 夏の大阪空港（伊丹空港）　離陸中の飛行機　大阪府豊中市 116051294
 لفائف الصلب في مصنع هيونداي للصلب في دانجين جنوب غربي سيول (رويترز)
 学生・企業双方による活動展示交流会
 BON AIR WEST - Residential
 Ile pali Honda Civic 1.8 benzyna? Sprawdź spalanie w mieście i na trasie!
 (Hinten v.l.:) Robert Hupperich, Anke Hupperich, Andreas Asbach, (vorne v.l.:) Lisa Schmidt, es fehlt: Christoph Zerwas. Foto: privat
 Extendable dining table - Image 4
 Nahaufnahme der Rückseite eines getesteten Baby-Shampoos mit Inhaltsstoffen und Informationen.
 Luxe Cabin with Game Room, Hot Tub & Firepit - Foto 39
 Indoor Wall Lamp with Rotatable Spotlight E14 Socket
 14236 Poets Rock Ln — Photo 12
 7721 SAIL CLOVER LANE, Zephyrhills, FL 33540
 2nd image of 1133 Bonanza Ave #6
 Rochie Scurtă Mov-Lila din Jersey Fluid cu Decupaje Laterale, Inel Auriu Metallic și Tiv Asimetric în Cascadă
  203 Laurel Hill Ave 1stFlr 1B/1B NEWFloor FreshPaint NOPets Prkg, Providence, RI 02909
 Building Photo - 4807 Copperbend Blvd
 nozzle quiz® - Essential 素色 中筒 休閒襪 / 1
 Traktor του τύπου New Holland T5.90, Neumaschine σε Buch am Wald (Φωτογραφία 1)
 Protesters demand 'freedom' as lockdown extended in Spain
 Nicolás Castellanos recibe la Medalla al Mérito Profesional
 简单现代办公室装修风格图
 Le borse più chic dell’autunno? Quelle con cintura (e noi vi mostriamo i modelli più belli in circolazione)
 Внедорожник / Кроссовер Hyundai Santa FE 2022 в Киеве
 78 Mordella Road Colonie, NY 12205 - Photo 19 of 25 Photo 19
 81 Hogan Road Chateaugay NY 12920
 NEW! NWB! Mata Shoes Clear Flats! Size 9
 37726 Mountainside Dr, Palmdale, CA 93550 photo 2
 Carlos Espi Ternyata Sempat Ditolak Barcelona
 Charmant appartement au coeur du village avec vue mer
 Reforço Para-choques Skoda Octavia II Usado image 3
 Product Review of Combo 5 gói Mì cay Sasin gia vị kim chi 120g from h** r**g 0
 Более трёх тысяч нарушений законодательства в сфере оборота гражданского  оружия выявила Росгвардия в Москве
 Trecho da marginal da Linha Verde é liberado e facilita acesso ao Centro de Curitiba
————————
_WHAT YOU HAVE TO DO_. Your reply is to repeat, unchanged, the lines above running from the one with "Indoor Wall Lamp" up to and including the one with "nozzle quiz® - Essential 素色 中筒 休閒襪 / 1".

_SOLUTION TO THIS PROBLEM_.
 Indoor Wall Lamp with Rotatable Spotlight E14 Socket
 14236 Poets Rock Ln — Photo 12
 7721 SAIL CLOVER LANE, Zephyrhills, FL 33540
 2nd image of 1133 Bonanza Ave #6
 Rochie Scurtă Mov-Lila din Jersey Fluid cu Decupaje Laterale, Inel Auriu Metallic și Tiv Asimetric în Cascadă
  203 Laurel Hill Ave 1stFlr 1B/1B NEWFloor FreshPaint NOPets Prkg, Providence, RI 02909
 Building Photo - 4807 Copperbend Blvd
 nozzle quiz® - Essential 素色 中筒 休閒襪 / 1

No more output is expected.